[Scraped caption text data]
★ ★ ★ ★

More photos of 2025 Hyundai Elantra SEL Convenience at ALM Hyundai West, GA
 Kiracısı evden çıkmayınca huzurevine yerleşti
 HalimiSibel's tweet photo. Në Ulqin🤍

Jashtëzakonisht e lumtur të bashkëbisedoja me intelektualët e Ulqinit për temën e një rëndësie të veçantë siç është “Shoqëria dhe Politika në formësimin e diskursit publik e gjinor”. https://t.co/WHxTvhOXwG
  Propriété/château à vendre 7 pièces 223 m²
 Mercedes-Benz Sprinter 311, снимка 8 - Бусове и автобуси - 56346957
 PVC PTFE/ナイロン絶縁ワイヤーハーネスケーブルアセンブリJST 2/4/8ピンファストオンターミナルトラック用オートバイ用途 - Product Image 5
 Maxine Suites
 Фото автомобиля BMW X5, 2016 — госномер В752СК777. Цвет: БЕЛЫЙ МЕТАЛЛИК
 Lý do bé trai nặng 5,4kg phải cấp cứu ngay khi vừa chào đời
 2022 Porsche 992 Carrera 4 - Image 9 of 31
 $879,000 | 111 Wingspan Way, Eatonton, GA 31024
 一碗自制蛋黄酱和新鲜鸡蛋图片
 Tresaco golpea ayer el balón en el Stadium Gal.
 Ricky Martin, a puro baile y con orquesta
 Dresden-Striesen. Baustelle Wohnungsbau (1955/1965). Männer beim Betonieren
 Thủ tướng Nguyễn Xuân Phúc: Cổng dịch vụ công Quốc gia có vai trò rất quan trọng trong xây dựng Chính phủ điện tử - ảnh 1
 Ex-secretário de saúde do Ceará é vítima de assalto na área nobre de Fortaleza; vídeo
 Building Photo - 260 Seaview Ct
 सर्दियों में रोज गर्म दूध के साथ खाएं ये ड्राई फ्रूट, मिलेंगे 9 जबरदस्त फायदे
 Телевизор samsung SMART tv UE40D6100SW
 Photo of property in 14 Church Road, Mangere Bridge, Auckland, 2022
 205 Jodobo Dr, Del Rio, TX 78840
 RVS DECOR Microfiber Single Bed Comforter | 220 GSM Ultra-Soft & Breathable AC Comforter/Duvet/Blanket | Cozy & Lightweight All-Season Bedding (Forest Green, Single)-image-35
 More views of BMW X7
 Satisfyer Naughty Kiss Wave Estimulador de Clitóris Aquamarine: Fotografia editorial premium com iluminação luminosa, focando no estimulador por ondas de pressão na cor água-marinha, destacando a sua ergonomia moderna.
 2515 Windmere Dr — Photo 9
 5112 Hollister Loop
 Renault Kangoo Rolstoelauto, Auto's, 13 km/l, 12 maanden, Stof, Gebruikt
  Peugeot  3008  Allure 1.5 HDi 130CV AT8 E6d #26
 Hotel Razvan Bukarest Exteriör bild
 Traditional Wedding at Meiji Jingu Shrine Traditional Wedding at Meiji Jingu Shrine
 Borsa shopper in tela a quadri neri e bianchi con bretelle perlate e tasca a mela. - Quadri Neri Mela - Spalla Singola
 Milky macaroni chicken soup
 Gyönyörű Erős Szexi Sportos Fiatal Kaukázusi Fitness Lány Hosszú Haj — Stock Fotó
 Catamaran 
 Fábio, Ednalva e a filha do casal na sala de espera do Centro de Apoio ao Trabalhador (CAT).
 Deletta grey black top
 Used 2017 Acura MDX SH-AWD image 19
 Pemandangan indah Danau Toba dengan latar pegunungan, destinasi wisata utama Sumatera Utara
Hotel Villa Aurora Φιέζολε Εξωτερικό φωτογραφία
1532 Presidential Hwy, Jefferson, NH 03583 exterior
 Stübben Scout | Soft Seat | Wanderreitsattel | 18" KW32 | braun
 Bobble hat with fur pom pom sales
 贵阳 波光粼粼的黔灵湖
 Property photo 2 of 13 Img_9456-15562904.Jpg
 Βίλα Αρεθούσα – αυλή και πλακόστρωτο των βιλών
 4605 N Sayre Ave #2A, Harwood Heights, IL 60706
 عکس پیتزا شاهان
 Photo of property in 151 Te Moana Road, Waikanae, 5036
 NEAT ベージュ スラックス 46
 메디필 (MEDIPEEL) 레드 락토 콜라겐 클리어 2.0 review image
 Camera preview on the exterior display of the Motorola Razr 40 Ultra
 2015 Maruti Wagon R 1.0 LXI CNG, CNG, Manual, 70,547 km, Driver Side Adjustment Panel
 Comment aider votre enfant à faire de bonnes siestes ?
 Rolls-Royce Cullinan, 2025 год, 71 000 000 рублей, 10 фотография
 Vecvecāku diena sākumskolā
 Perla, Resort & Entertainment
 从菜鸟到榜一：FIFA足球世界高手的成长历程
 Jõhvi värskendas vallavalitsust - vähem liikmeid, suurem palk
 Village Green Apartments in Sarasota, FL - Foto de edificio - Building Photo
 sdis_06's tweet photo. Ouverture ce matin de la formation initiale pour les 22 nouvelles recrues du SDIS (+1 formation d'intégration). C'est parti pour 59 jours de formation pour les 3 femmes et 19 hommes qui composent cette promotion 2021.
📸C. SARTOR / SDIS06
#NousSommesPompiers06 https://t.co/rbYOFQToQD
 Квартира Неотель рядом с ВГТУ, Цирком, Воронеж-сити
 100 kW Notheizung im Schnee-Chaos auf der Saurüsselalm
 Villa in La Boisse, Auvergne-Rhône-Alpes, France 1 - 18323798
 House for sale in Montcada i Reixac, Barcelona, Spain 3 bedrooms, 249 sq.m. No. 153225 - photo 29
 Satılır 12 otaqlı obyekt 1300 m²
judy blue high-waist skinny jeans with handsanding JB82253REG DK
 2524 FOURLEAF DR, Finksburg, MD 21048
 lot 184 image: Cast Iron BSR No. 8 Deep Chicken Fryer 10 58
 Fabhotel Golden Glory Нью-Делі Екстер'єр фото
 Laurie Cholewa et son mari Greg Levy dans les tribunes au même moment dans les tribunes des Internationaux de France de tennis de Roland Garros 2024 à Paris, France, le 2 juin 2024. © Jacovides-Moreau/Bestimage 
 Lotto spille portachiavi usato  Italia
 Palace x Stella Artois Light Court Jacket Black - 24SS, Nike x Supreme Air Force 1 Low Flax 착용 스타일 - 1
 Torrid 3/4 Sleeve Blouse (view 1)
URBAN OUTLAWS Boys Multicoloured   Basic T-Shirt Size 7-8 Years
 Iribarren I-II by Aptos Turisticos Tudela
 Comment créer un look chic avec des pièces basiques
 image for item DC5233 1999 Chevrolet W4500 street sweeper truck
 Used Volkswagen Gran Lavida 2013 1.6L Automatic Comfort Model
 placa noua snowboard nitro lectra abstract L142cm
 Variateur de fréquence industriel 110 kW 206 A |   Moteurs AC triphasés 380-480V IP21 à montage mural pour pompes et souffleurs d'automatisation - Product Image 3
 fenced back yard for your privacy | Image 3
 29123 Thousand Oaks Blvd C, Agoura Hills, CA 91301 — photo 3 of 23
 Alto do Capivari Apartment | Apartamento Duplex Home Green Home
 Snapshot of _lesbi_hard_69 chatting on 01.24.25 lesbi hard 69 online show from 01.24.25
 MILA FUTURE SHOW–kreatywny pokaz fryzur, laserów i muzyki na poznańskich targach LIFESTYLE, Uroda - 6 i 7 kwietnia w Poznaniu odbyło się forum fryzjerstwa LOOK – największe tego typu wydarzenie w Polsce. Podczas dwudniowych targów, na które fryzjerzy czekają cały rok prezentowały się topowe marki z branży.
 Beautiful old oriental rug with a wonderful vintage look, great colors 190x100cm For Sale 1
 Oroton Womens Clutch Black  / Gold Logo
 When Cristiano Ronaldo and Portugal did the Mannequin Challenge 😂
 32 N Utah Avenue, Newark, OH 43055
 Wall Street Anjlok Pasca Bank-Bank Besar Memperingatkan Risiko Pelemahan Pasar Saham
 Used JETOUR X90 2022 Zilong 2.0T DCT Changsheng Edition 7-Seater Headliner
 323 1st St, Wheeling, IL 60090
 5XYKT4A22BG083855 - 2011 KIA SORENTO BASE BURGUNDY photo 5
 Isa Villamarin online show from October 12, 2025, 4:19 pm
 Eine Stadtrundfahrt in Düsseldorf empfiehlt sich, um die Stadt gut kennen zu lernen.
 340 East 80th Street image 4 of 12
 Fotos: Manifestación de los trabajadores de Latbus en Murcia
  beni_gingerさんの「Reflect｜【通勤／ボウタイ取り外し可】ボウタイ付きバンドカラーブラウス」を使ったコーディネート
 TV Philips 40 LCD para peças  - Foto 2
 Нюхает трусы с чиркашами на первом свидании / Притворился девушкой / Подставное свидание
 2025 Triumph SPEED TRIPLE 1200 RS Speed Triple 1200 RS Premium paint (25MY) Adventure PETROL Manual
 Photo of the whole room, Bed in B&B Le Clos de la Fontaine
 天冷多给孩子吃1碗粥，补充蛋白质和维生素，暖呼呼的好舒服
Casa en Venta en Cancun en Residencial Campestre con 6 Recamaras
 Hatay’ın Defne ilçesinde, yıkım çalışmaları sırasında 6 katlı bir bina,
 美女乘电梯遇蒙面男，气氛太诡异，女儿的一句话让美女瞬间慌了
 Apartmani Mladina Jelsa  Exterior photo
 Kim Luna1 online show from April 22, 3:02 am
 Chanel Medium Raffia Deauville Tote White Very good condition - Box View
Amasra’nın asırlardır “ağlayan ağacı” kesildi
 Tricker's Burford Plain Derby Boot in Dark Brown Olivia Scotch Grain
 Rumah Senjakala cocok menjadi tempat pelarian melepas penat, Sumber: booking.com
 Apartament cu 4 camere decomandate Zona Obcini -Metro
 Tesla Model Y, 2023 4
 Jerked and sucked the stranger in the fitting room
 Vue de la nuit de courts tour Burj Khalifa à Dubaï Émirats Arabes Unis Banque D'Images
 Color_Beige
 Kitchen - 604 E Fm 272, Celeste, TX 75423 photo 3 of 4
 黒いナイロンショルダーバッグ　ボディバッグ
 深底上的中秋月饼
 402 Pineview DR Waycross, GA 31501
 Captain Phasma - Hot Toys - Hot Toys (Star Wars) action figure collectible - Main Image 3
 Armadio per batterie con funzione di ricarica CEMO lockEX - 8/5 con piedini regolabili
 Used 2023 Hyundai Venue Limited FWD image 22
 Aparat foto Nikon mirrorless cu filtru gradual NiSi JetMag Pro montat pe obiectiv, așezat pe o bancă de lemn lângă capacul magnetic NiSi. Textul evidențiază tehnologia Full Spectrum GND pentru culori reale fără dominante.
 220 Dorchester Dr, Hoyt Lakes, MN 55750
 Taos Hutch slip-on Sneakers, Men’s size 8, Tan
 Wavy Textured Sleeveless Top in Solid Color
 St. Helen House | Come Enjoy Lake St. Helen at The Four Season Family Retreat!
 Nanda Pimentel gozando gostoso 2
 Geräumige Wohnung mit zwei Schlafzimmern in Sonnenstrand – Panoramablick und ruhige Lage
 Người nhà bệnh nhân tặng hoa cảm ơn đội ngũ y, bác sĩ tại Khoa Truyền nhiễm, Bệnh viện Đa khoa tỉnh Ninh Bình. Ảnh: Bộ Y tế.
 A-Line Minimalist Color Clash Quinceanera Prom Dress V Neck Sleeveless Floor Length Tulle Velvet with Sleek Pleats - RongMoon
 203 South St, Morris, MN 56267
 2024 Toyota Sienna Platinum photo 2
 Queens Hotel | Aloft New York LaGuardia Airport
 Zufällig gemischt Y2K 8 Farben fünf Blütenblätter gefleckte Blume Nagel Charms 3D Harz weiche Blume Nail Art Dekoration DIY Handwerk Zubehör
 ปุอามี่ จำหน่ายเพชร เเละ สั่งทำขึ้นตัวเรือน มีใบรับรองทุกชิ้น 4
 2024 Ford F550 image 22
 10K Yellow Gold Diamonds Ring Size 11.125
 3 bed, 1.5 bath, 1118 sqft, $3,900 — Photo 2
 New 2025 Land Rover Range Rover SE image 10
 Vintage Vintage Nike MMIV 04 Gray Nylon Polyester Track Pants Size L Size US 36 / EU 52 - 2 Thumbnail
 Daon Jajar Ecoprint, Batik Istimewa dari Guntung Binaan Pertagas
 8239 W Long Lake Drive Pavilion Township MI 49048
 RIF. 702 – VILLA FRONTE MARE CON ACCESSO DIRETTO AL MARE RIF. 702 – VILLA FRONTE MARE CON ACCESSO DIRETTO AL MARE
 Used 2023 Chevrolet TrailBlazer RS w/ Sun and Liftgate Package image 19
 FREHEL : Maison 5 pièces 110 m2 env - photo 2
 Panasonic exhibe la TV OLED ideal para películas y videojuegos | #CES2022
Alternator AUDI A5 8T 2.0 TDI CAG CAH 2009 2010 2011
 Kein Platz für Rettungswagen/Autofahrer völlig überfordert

★ ★ ★ ★

▶ [Goal of the exercise] Your answer must consist solely of the lines above between the line holding "Jashtëzakonisht e lumtur" and the line holding "205 Jodobo Dr, Del Rio, TX 78840", inclusive, copied exactly.

▶ [Worked solution]
Jashtëzakonisht e lumtur të bashkëbisedoja me intelektualët e Ulqinit për temën e një rëndësie të veçantë siç është “Shoqëria dhe Politika në formësimin e diskursit publik e gjinor”. https://t.co/WHxTvhOXwG
  Propriété/château à vendre 7 pièces 223 m²
 Mercedes-Benz Sprinter 311, снимка 8 - Бусове и автобуси - 56346957
 PVC PTFE/ナイロン絶縁ワイヤーハーネスケーブルアセンブリJST 2/4/8ピンファストオンターミナルトラック用オートバイ用途 - Product Image 5
 Maxine Suites
 Фото автомобиля BMW X5, 2016 — госномер В752СК777. Цвет: БЕЛЫЙ МЕТАЛЛИК
 Lý do bé trai nặng 5,4kg phải cấp cứu ngay khi vừa chào đời
 2022 Porsche 992 Carrera 4 - Image 9 of 31
 $879,000 | 111 Wingspan Way, Eatonton, GA 31024
 一碗自制蛋黄酱和新鲜鸡蛋图片
 Tresaco golpea ayer el balón en el Stadium Gal.
 Ricky Martin, a puro baile y con orquesta
 Dresden-Striesen. Baustelle Wohnungsbau (1955/1965). Männer beim Betonieren
 Thủ tướng Nguyễn Xuân Phúc: Cổng dịch vụ công Quốc gia có vai trò rất quan trọng trong xây dựng Chính phủ điện tử - ảnh 1
 Ex-secretário de saúde do Ceará é vítima de assalto na área nobre de Fortaleza; vídeo
 Building Photo - 260 Seaview Ct
 सर्दियों में रोज गर्म दूध के साथ खाएं ये ड्राई फ्रूट, मिलेंगे 9 जबरदस्त फायदे
 Телевизор samsung SMART tv UE40D6100SW
 Photo of property in 14 Church Road, Mangere Bridge, Auckland, 2022
 205 Jodobo Dr, Del Rio, TX 78840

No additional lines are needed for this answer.